▶ _EXERCISE_:
Nothing but the lines from the start of the records through the line that contains "Fleet defensive driving" is to be copied, and each is to be copied exactly.

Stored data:
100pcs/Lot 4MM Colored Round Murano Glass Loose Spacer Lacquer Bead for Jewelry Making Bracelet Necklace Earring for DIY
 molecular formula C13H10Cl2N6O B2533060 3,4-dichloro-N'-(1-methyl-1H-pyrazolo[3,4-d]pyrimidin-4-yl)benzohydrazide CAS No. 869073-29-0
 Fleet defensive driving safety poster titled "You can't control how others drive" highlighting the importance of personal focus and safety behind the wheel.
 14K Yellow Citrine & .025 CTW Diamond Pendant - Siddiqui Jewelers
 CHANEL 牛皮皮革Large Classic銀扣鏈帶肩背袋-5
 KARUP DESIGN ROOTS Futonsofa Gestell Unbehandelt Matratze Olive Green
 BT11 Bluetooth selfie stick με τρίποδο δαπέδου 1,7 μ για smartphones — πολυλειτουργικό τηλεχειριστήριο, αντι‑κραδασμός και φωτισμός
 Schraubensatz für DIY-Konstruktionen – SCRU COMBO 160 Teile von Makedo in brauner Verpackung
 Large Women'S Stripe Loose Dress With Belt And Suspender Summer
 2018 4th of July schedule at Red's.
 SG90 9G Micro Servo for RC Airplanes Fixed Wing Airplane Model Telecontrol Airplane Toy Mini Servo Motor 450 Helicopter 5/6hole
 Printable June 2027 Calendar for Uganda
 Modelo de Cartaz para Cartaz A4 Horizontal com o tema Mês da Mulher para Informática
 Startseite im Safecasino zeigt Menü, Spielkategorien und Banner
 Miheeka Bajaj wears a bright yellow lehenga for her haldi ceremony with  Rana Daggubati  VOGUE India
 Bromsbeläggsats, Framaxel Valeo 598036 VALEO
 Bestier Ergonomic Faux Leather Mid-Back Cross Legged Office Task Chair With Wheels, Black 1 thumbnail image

▶ _RESPONSE AREA_:
100pcs/Lot 4MM Colored Round Murano Glass Loose Spacer Lacquer Bead for Jewelry Making Bracelet Necklace Earring for DIY
 molecular formula C13H10Cl2N6O B2533060 3,4-dichloro-N'-(1-methyl-1H-pyrazolo[3,4-d]pyrimidin-4-yl)benzohydrazide CAS No. 869073-29-0
 Fleet defensive driving safety poster titled "You can't control how others drive" highlighting the importance of personal focus and safety behind the wheel.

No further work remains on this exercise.